**Input data**
───
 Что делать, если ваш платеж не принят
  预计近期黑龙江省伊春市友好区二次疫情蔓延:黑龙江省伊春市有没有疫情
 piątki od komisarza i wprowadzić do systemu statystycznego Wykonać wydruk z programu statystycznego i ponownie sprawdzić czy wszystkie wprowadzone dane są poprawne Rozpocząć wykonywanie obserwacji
───
**Exercise description**
Recreate the listing word for word, omitting nothing.

**Output of the exercise**
 Что делать, если ваш платеж не принят
  预计近期黑龙江省伊春市友好区二次疫情蔓延:黑龙江省伊春市有没有疫情
 piątki od komisarza i wprowadzić do systemu statystycznego Wykonać wydruk z programu statystycznego i ponownie sprawdzić czy wszystkie wprowadzone dane są poprawne Rozpocząć wykonywanie obserwacji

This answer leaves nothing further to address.